David the King said, "But You, Adonai, are a shield for me; You are my glory, You lift my head high" (Psalm 3:4, CJB), or as the older versions have it, "You are my glory and the lifter of my head" (KJV). He wrote this at the time when he had been forced to flee from Jerusalem by his own son, Avshalom. Feeling for his life, David recognised that is was G-d who gave him not only his joy and his freedom, but also his dignity and position as king over Israel. In acknowledging that, he is set free in his spirit and his face is lifted to and by G-d. In another of David's psalms he says, "Lift up you heads, O gates, and be lifted up, O ancient doors, that the King of Glory may come in" (Psalm 24:7, NASB); that even the gates and doors of the Temple, of the world, may form a guard of honour and stand to attention as the King comes through.
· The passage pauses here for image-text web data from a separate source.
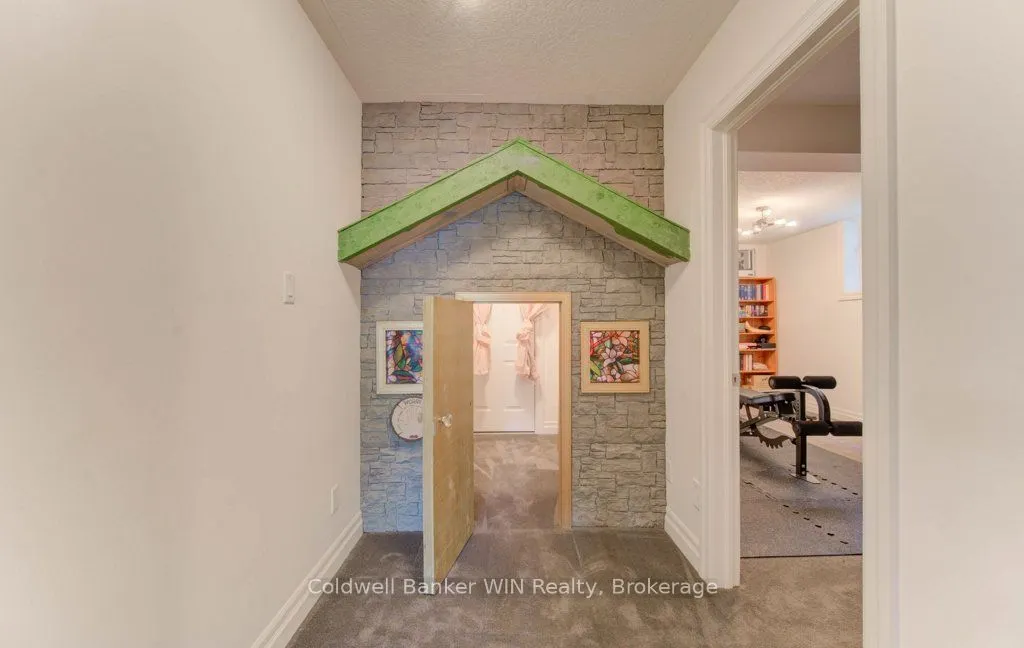 422 Rideau River Street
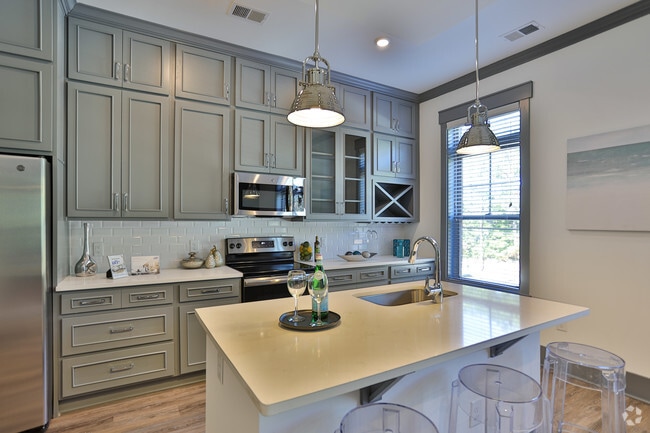 2BR, 2BA - Providence Row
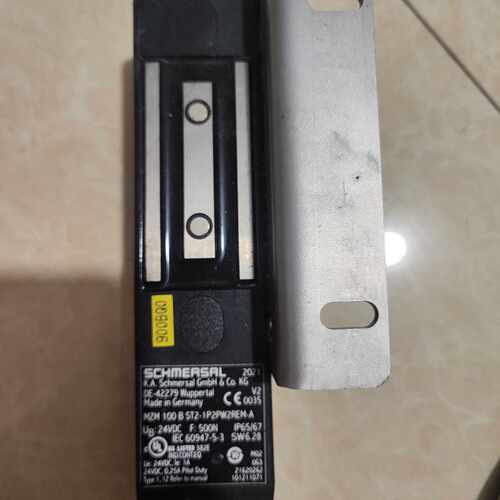 询德国施迈赛安全开关，型号MZM 100 B ST2-1P2P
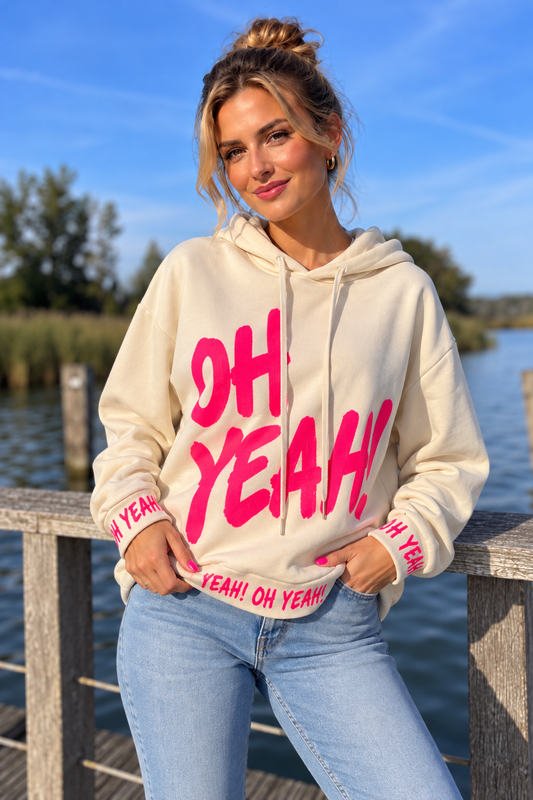 Oversize Hoodie „OH YEAH!“ – Sand mit Neonprint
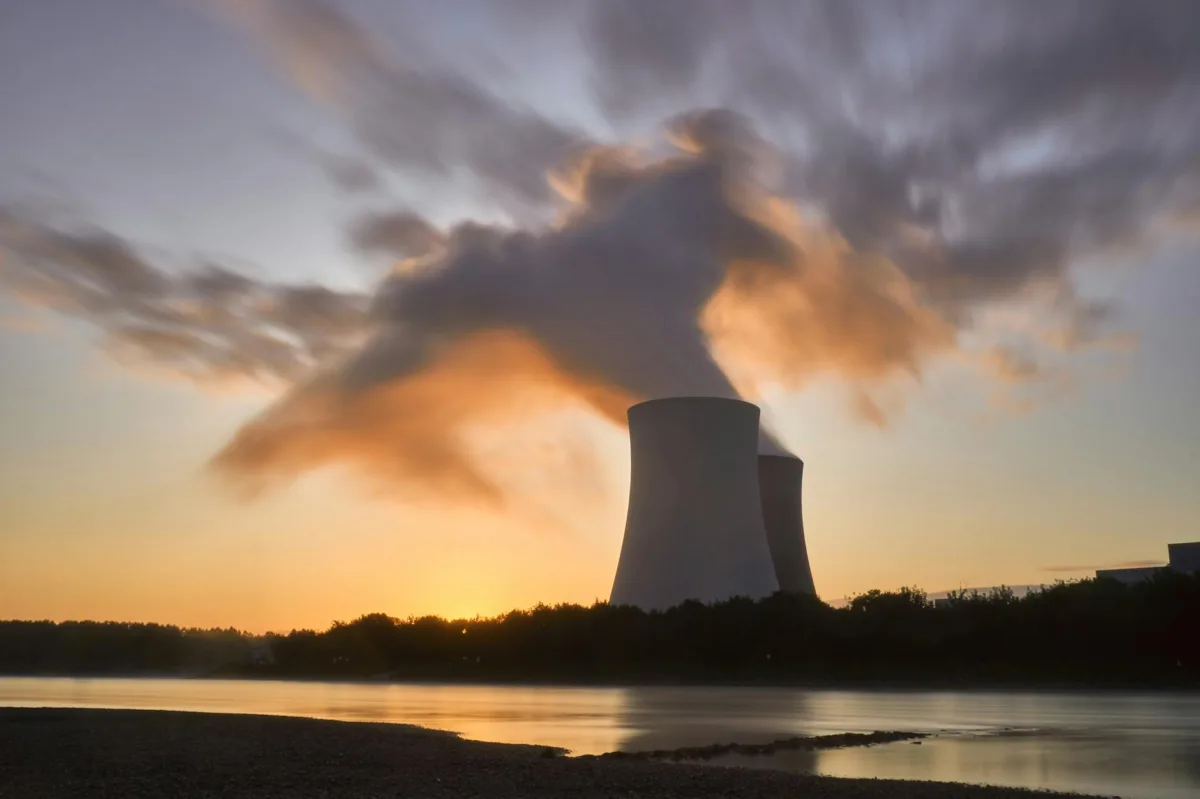 Drone Strike Triggers Fire Near Abu Dhabi Nuclear Facility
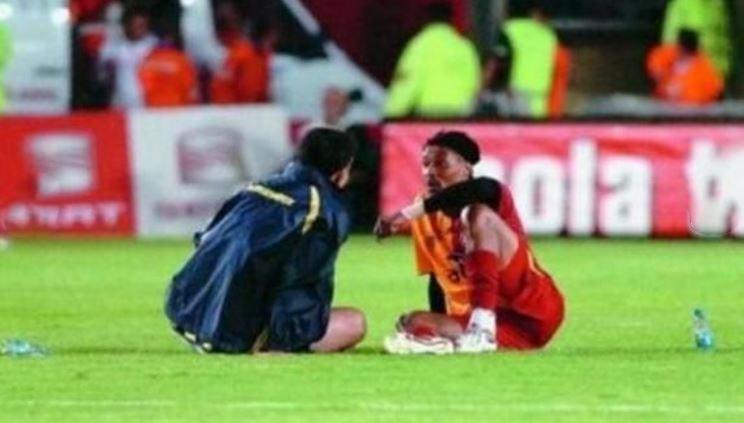 <p><strong>"MİLLET KAVGA EDERKEN BİZ SONG'LA SOHBET ETTİK"</strong></p>

<p>Ümit Özat: "Ali Sami Yen’de Galatasaray’ın ceza almasına neden olan ’sulu derbi’de Song’la sahadaki sohbetim unutulmaz. Biz o maçı oynarken, ben Köln’le anlaşmıştım. Song da bu transferi öğrenmiş..."Olaylar nedeniyle maç durunca sahanın ortasına oturduk ve transferimle ilgili konuştuk. Daha önce Köln’de oynadığı için şehri ve kulübün yapısını anlattı. O sırada ne ilginçtir ki, tribünlerdeki olaylar sürüyordu."</p>
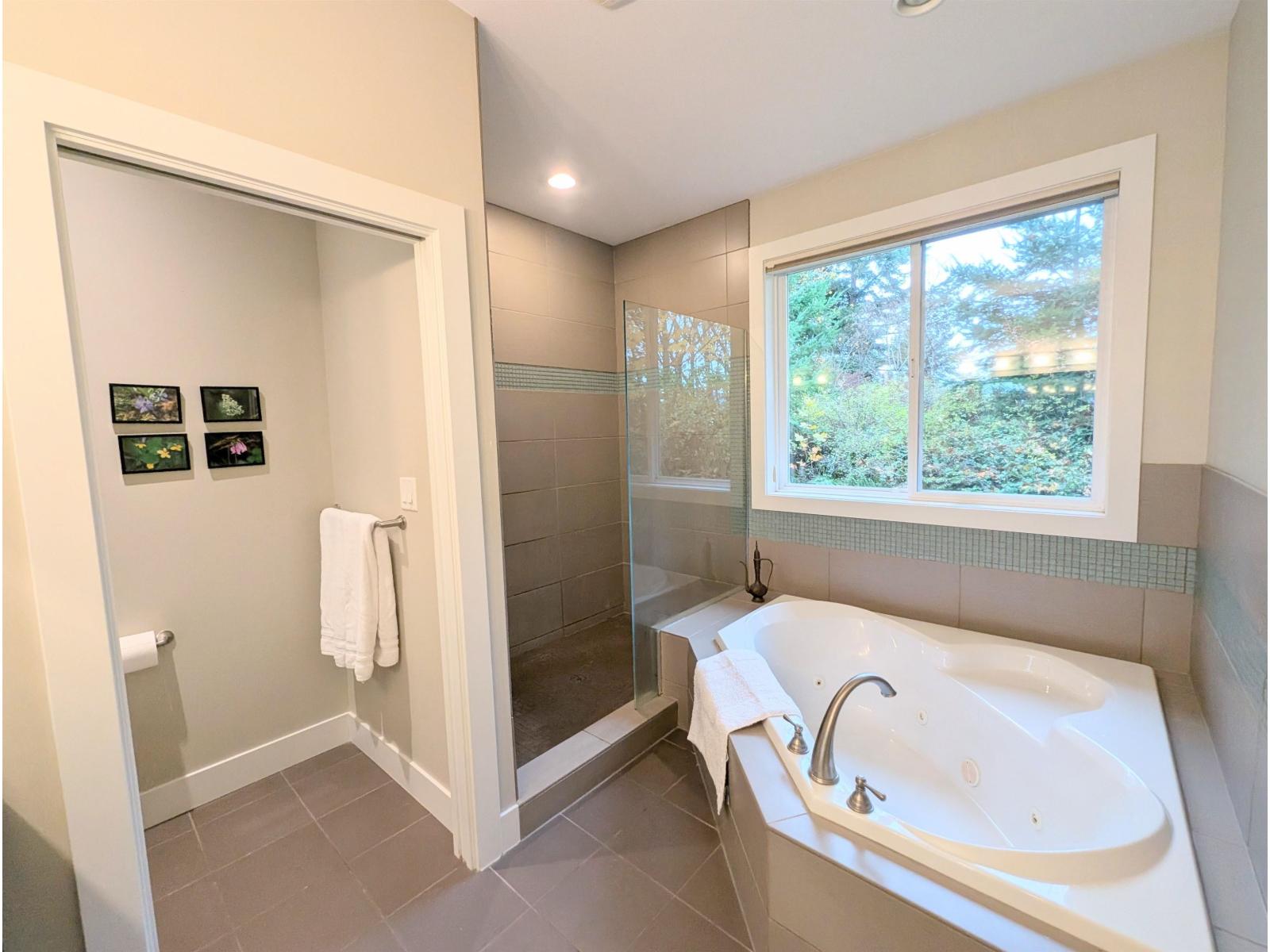 43350 HILLKEEP PLACE, Chilliwack Mountain, Chilliwack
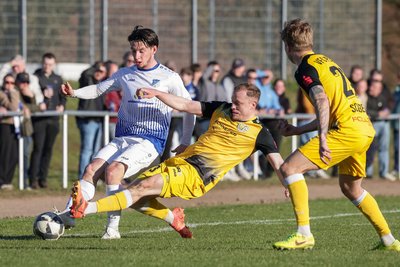 Der in der Winterpause gekommene Philipp Sovago (links), der sich hier gegen den Plauener Louis Glaser behauptet, erzielte gegen den VFC sein erstes Tor im Glauchauer Trikot.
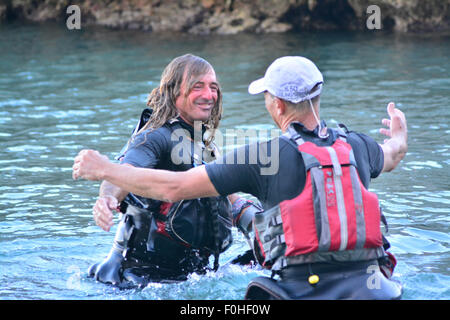 Gibraltar. 16. August 2015. Auf Samstag, 15. August 2015 begeben zwei Gibraltar Paddler von Tanger nach Gibraltar zugunsten der Liebe paddeln. Norman und Michael, die ehemalige Behinderte Ruderer, Catalan Bay in der East Side von Gibraltar nach beschäftigt die Handelsschifffahrt Weg von der Straße von Gibraltar überquert, dann überquert die Bucht von Gibraltar vor Polsterung entlang der Küste zu einem der wichtigsten Strände Gibraltars angekommen. Zwei Paddler ruderten zugunsten der Cheshire Häuser-Projekt, die hilft, Kinder in Tanger. Bildnachweis: Stephen Ignacio/Alamy Live-Nachrichten Stockfoto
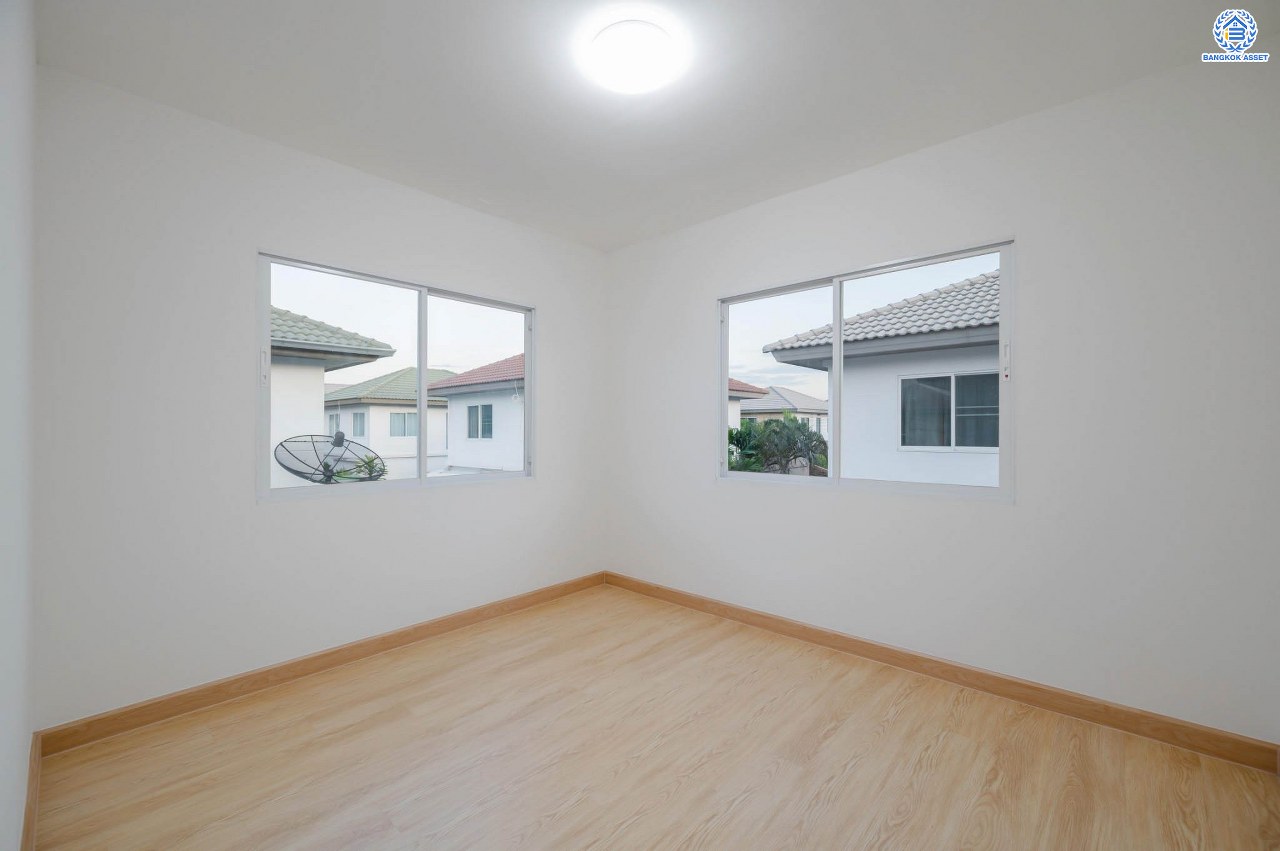 บ้านมือสองตกแต่งใหม่ สังคมคุณภาพแบรนด์ LH โครงการ อินนิซิโอ2 ปิ่นเกล้า-วงแหวน เนื้อที่ 50.3 ตร.ว. ฟังก์ชัน 3 ห้องนอน 2 ห้องน้ำ 1 ห้องอเนกประสงค์ จอดรถได้ 2 คัน บนทำเลศักยภาพ เดินทางสะดวก เชื่อมต่อทั้งปิ่นเกล้า-ศาลายา ใกล้เซ็นทรัลเวสต์เกต รถไฟฟ้าสายสีม่วง "สถานีตลาดบางใหญ่" และทางด่วน "กาญจนาภิเษก"...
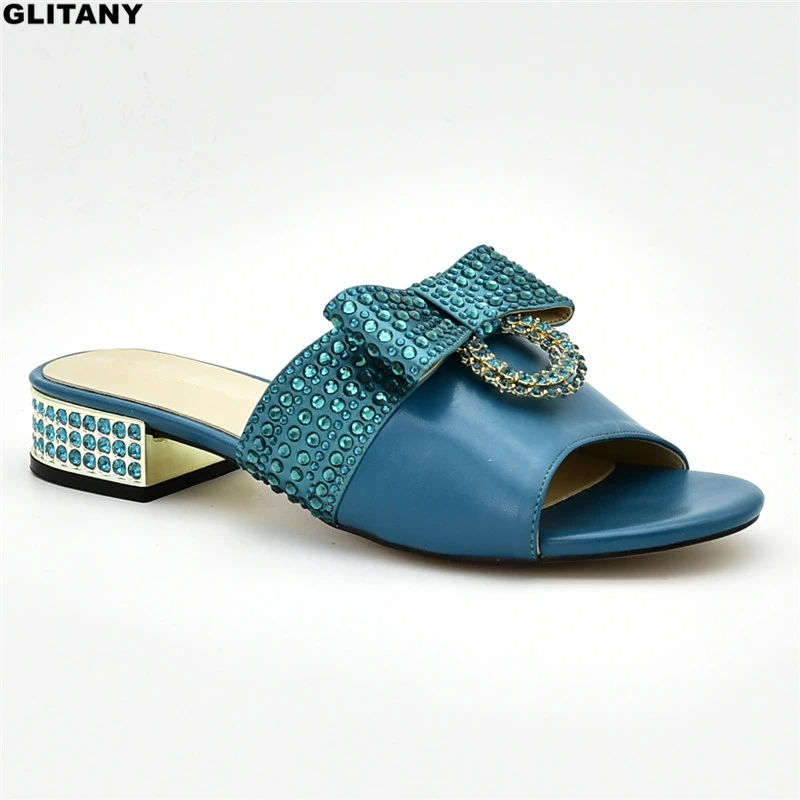 Новинка Модная женская летняя обувь Женская свадебная Женские модельные туфли с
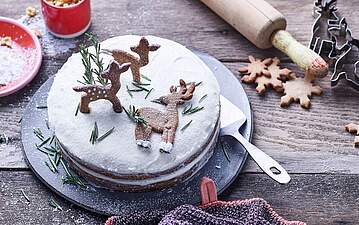 Saftiger Carrot Cake mit Schmand-Frosting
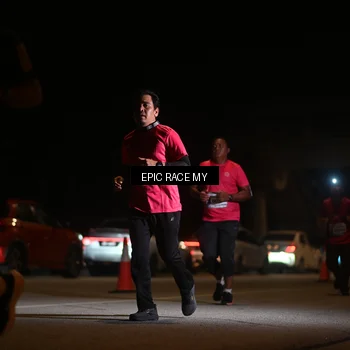 Runner Photo 8404006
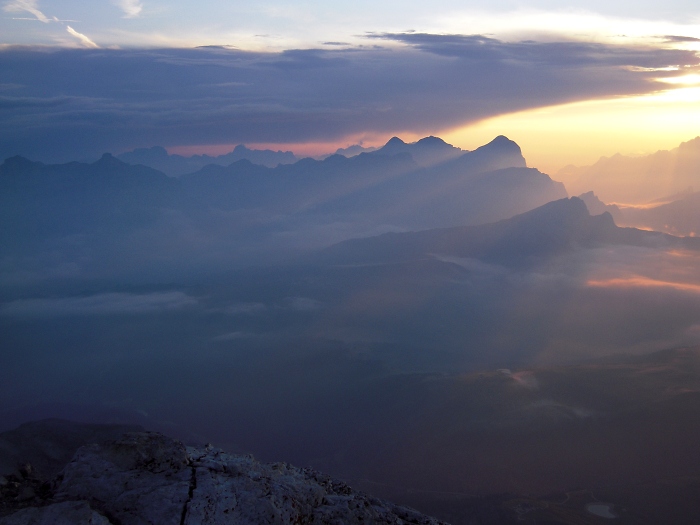 [78] Sonnenaufgang am Piz Boe / Foto: Kalle Kubatschka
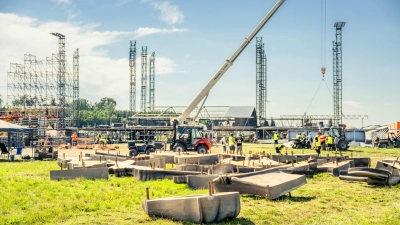 Auf Hochtouren läuft der Aufbau der Hauptbühne auf dem Summer-Breeze-Gelände bei Sinbronn. (Foto: Silverdust/Julian Wiedenhöfer)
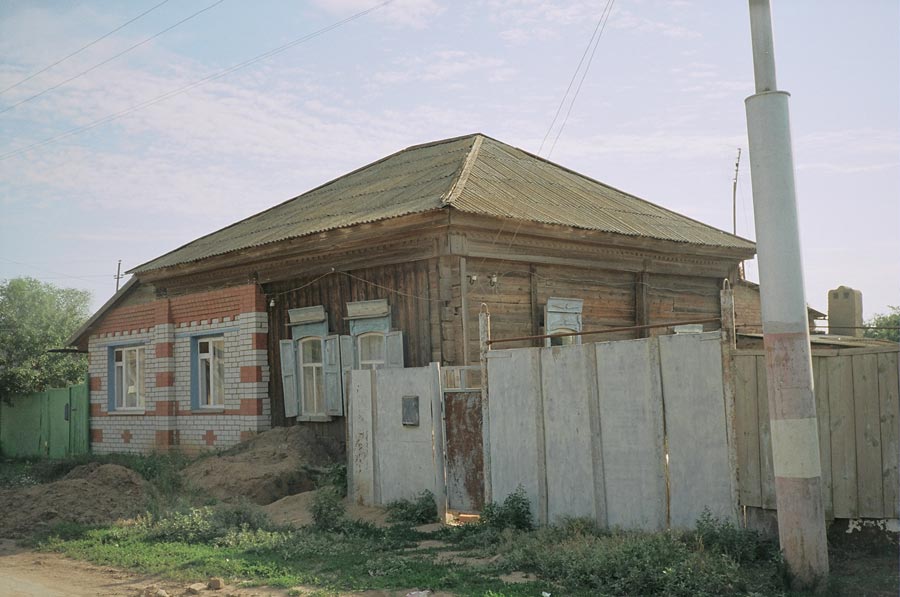 Дома в красном яре энгельсского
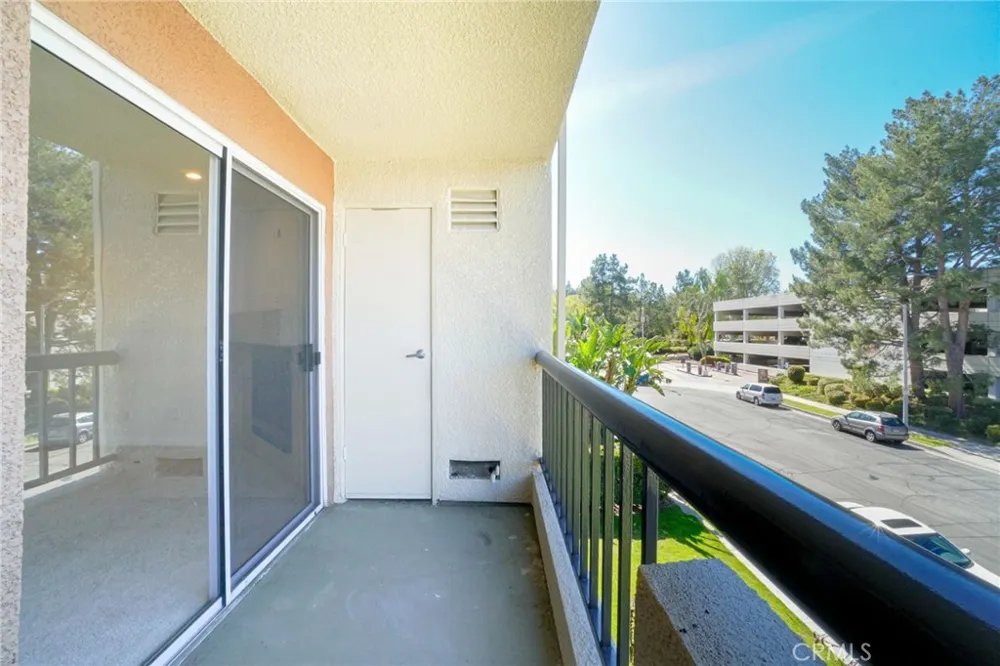 5510 Owensmouth Avenue #209 Woodland Hills, CA 91367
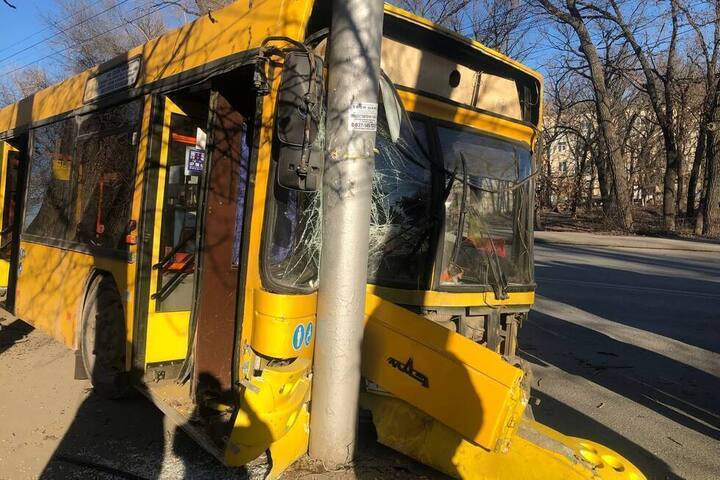 В Саратове автобус протаранил столб: пока известно о десяти пострадавших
Yeshua used the image of freedom when He speaks of His return in glory, "When these things start to happen, stand up and hold your heads high, because you are about to be liberated" (Luke 21:28, CJB). The signs in the sky, the behaviour of the nations, the shaking of the powers in the heavens all tell us that Yeshua is about to return, and we are to lift our heads because He is coming to set us free!
When our faces are downcast, we cannot see what is going on around us, others cannot see our faces and we project an image of slavery, sadness and depression. G-d wants to lift our heads so that we can cheer up in Him, being secure in His love for us, so that we may know His truth and be set free, so that we may conduct ourselves as children of the King.
Further Study: Psalm 121:1-8; John 12:32
Application: Have you become weary with the pressure of every day life and allowed your head to become downcast? Today is a good day to know the exhilaration of G-d's love and promises for you - let Him lift your head and see your face.